With the weight of missed opportunities — the overtime loss to Michigan, the close loss at Michigan State and the fumbled loss to Maryland — resting on the rivalry game, IU dropped it, losing 31-24 and finishing with a losing record for the first time since 2014.
“It’s a different type of pain,” freshman wide receiver Taysir Mack said about losing the Bucket and a guaranteed bowl bid. “I didn’t understand the hurt until I came into the locker room and saw those guys’ faces that couldn’t come back. Like living with Rich and with Simmie. Those are my guys. And to see them cry, to see them hurt, it killed me inside because I felt like I could’ve done more. I felt like we all could’ve done more.”
Mack continued and said he believed the offense could have performed better, that the fate of the game relied on its offense if IU was going to win the game.
But from the first play of the game, the offense struggled. Senior quarterback Richard Lagow forced a pass into heavy traffic and it was intercepted by Purdue and returned to the IU 5-yard line. On the next play, Purdue receiver Jackson Anthrop took a sweep into the endzone for the first score of the game.
IU would eventually force a fumble that led to a Simmie Cobbs touchdown and a 64-yard Ricky Brookins rush to set up a field goal. Other than those two drives, which IU could have built on the long run in Purdue territory, IU went 3-and-out five times in the first half and even punted on a 12-play drive.
Nothing was going for the Hoosiers, and it wasn’t anything the Purdue defense was doing, Lagow said.
“Maybe a couple things, but nothing huge,” Lagow said about Purdue’s defense presenting different looks than on film. “It just kind of came down to us not making plays.”
The big plays were few and far between in the first half for the IU offense, but even when it did make those plays in the second half, the drives couldn’t follow through.
In a third quarter drive, Cobbs made catches of 13 and 11 yards and helped push IU into Purdue territory, but two incomplete passes forced IU into third-and-long. A Ricky Brookins dump-off couldn’t get the first down, and the Hoosiers punted from the Purdue 47-yard line.

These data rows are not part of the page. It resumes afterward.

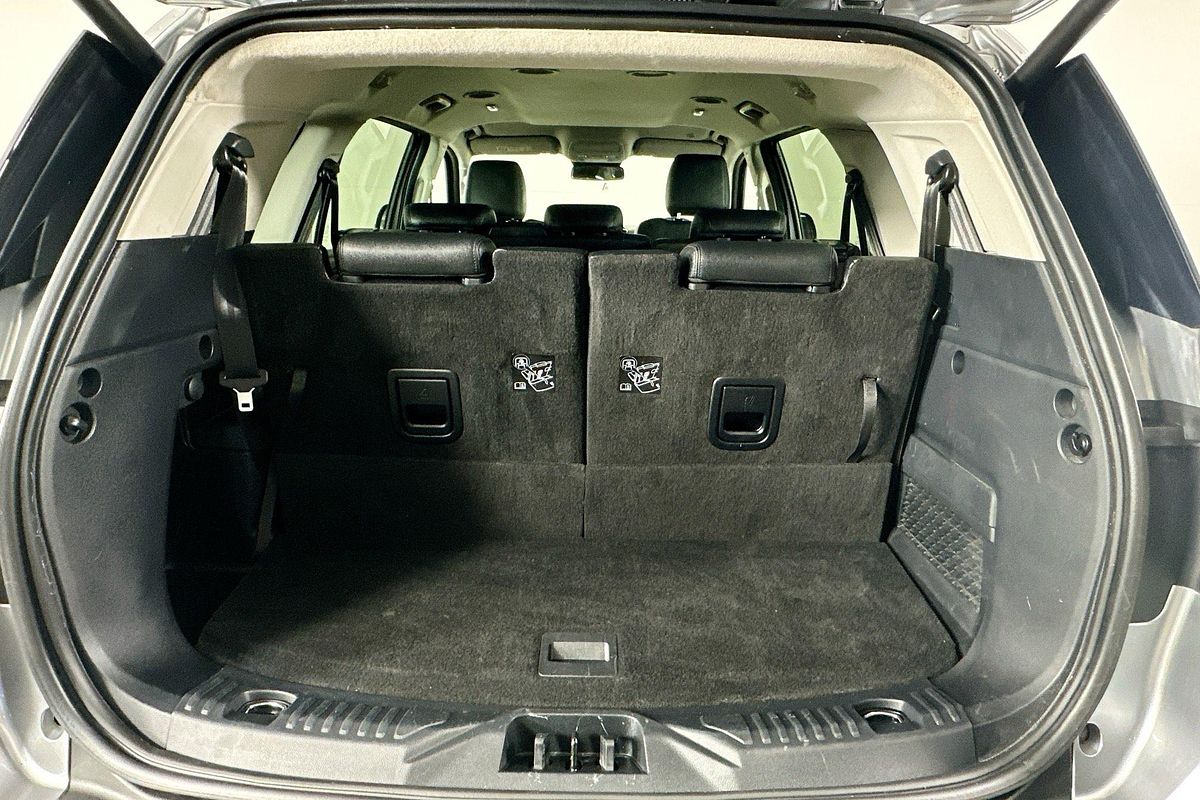 2023 Ford EVEREST TREND (4WD) UB MY23.5 2.0L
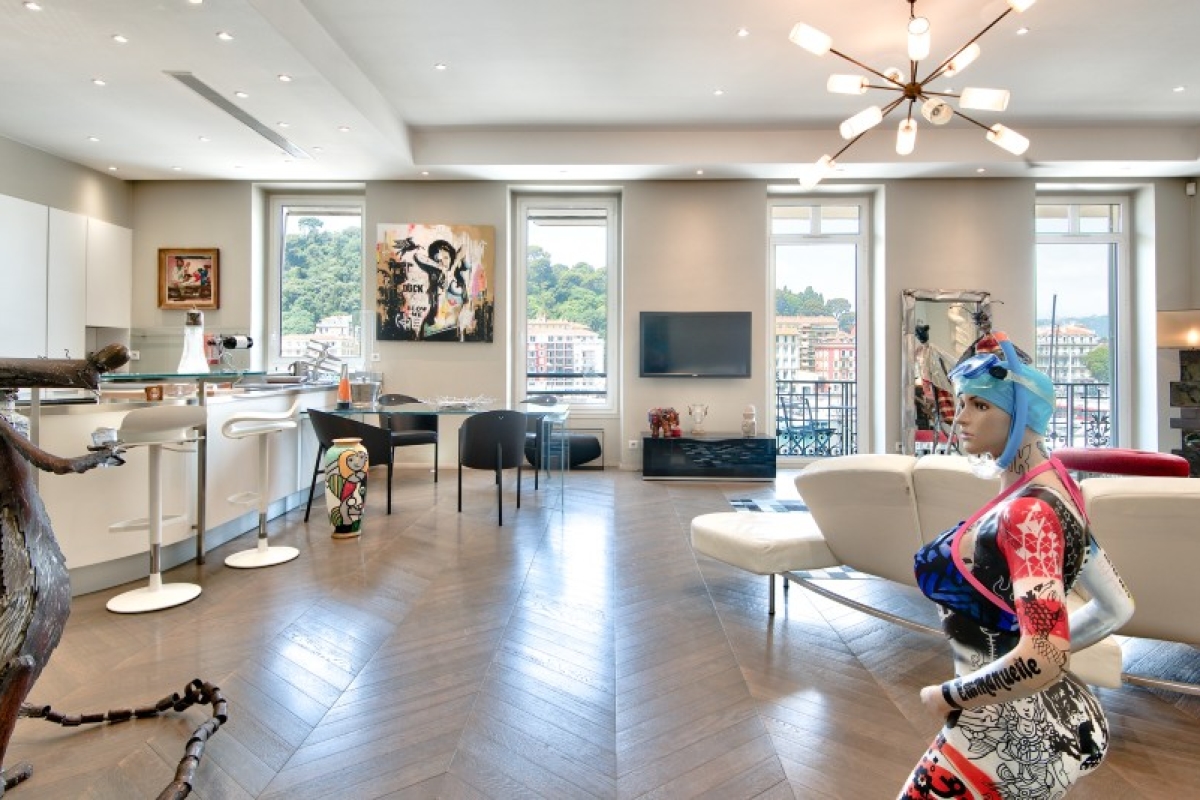 Appartement de luxe à vendre à Nice, 1 850 000 €, Photo 5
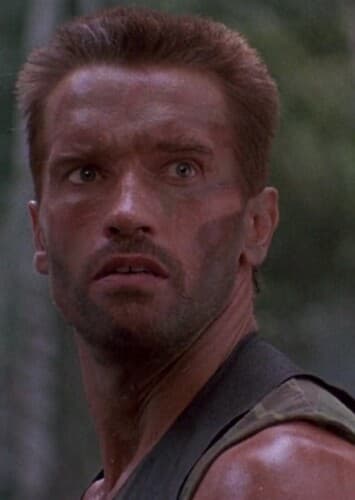 Major Alan "Dutch" Schaefer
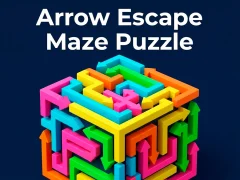 Peli Arrow Escape - Maze Puzzle verkossa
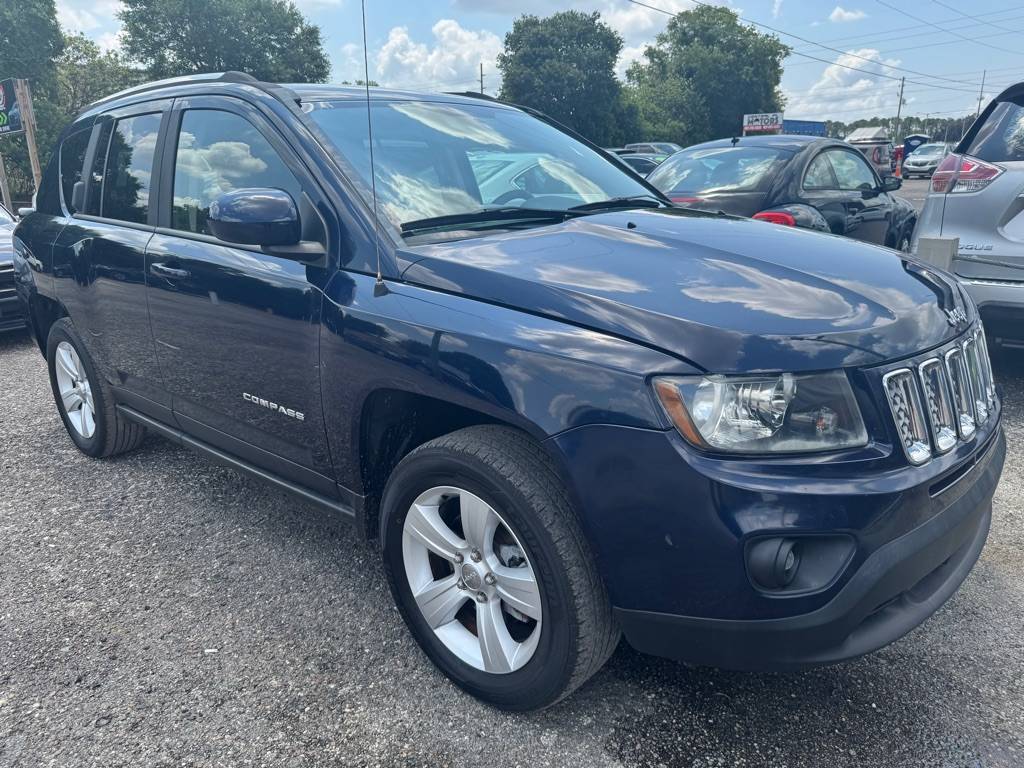 2014 Jeep Compass Latitude — SUV — 124,415 mi — Orlando, FL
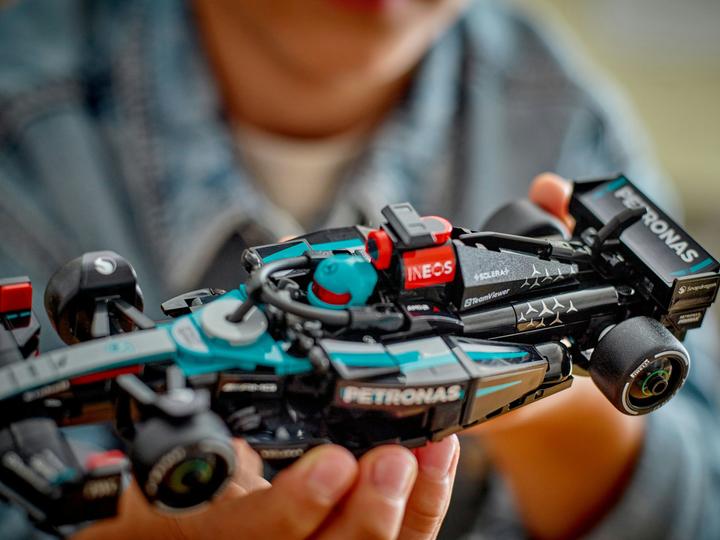 Immagine prodotto LEGO Mercedes-AMG F1 W15 (77244, LEGO Speed Champions)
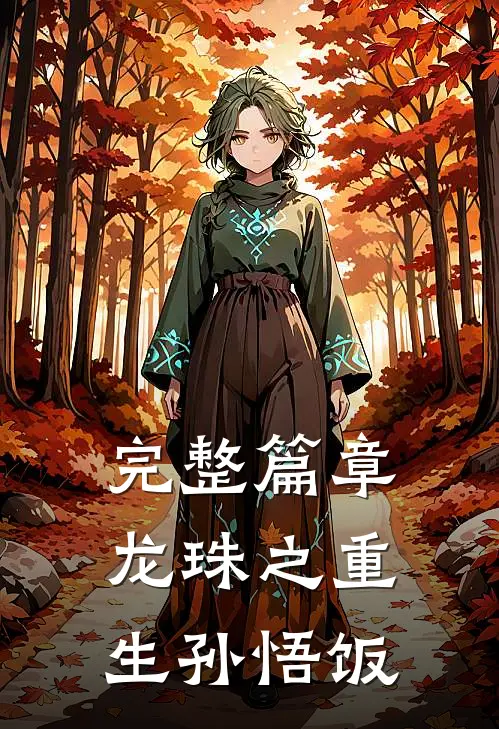 完整篇章龙珠之重生孙悟饭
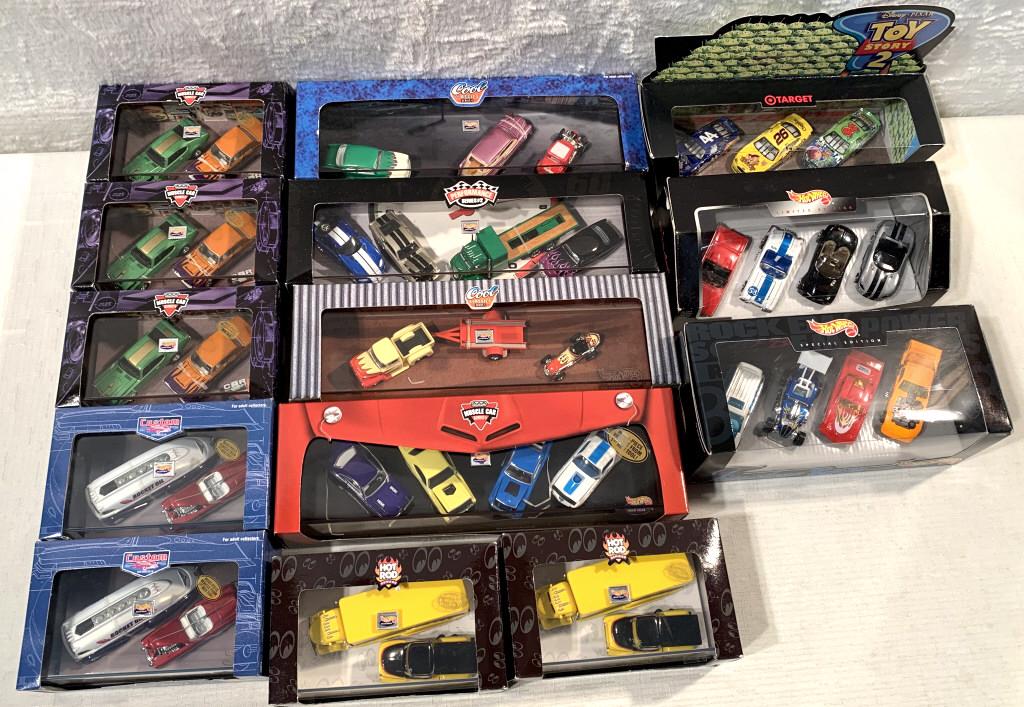14 sets of Hot Wheels Limited Edition & others (1 of 8)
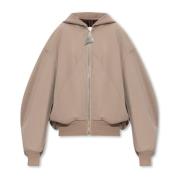 The Attico Ull bomberjacka Beige, Dam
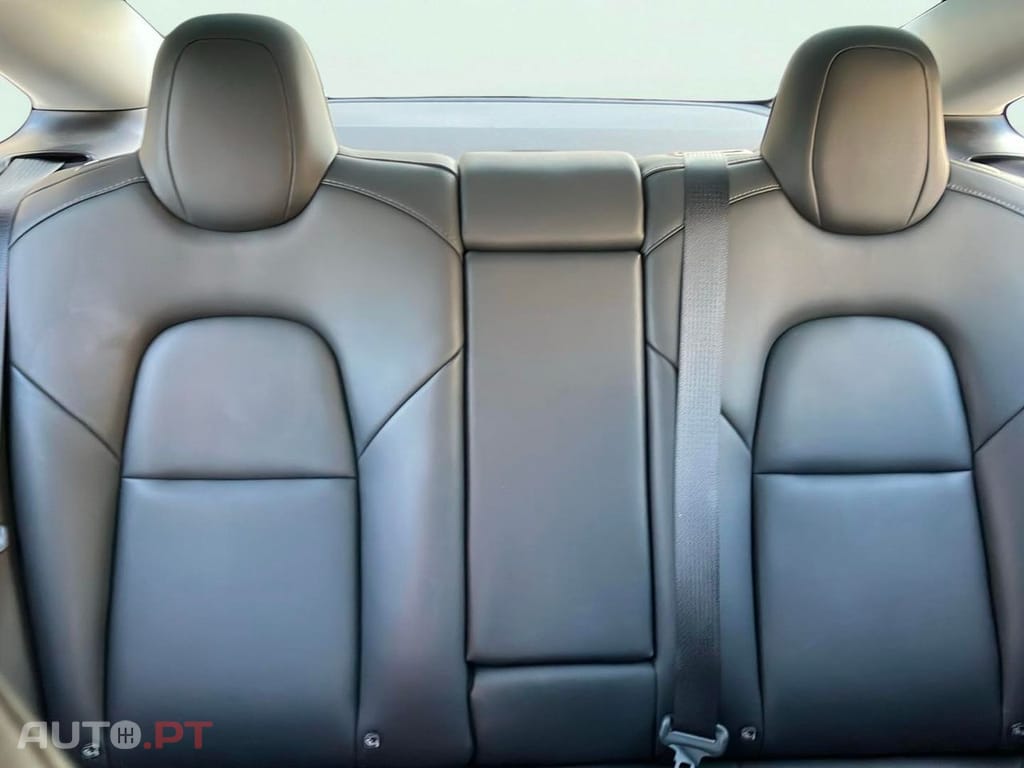 Tesla Model 3 Long-Range Dual Motor AWD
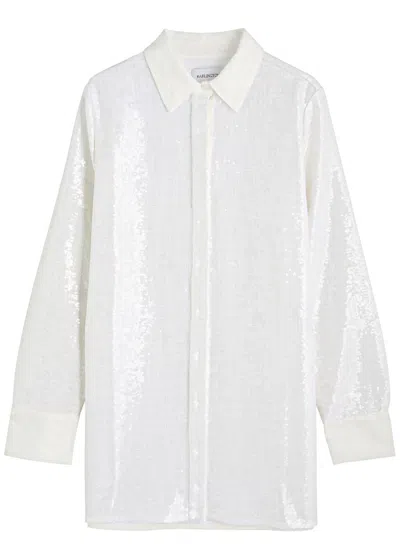 16arlington 16 Arlington Marley Sequined Shirt
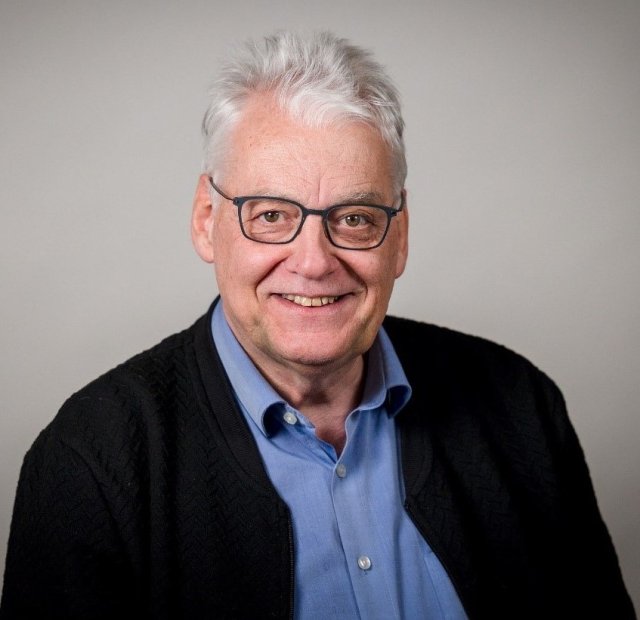 Energiecoach Jan Vledder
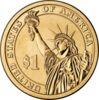 1 долар 2009 s Президент Закарі Тейлор купити на monitex.com.ua - 1 1 долар 2009 s Президент Закарі Тейлор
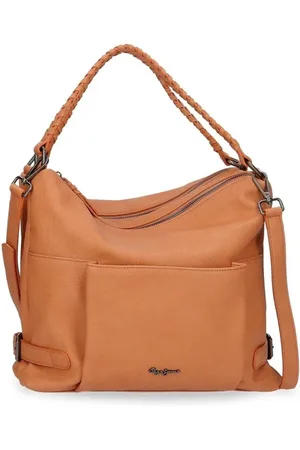 Pepe Jeans Torebki, Kobieta, brązowy, ONE SIZE, Torba 7037325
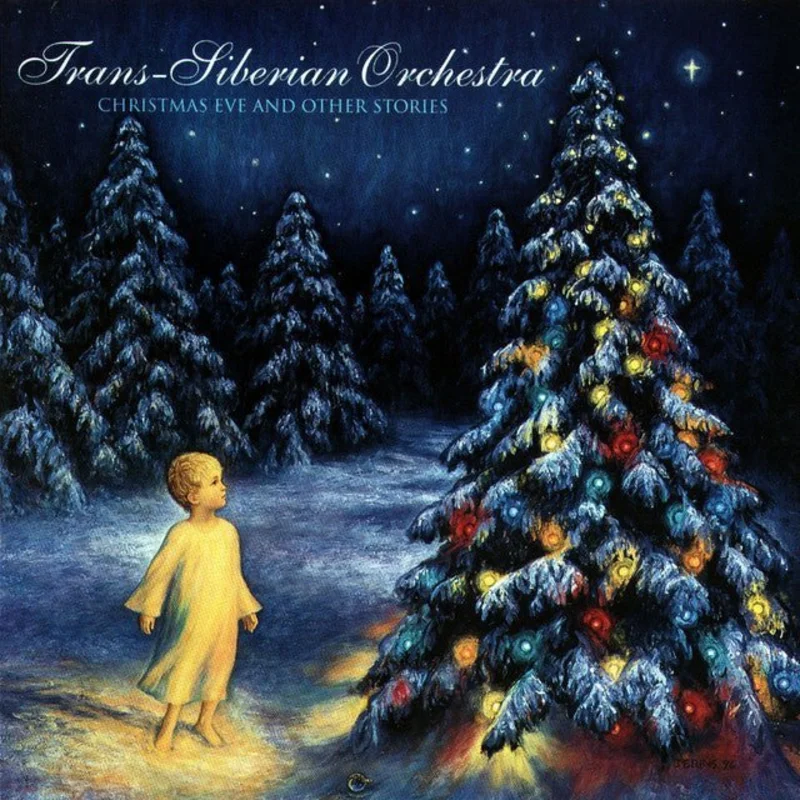 Trans-Siberian Orchestra - Christmas Eve And Other Stories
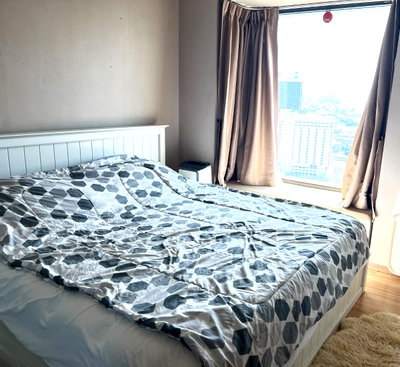 Condos for rent Major Hollywood Ramkhamhaeng : For Rent Fuse Mobius Ramkhamheng Line : @condo24 (with@too)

That is one example of several drives that stalled in similar fashion, as IU punted the ball nine times before needing to go to a 4-down strategy in the fourth quarter.
This occurred while Purdue running back Markell Jones ran the ball 31 times for 217 yards, carrying the Purdue offense throughout the majority of the game. And to make matters worse for the IU defense’s stamina, 11 non-scoring offensive drives took less than three minutes off the game clock.
“It was offense,” Mack said. “We didn’t do what we should’ve done. The defense got tired and it was on us, and I feel like we could’ve contributed way more. We did do our thing toward the end but it was just too late.”
Even when the IU offense did drive in the fourth quarter, it still couldn’t avoid mistakes, as a 9-play, 63-yard drive ended when Lagow missed his man in the endzone on Purdue’s 8-yard line.
When the kickoff team recovered an onside kick after a quick touchdown drive, IU’s offense couldn’t pull through and eventually went 4-and-out, leading the game to ride on a failed onside kick in the last minute of regulation.
While Lagow finished with 373 yards on 32-of-60 passing and Mack (132) and Cobbs (105) each finished with more than 100 yards receiving and one receiving touchdown, the offense was stagnant throughout most of the game.
Morgan Ellison also left the game in an ambulance with an undisclosed injury.
“A lot of special men are in that locker room hurting, and I’m hurting with them,” Tom Allen said. “We just made too many mistakes early on to overcome them.”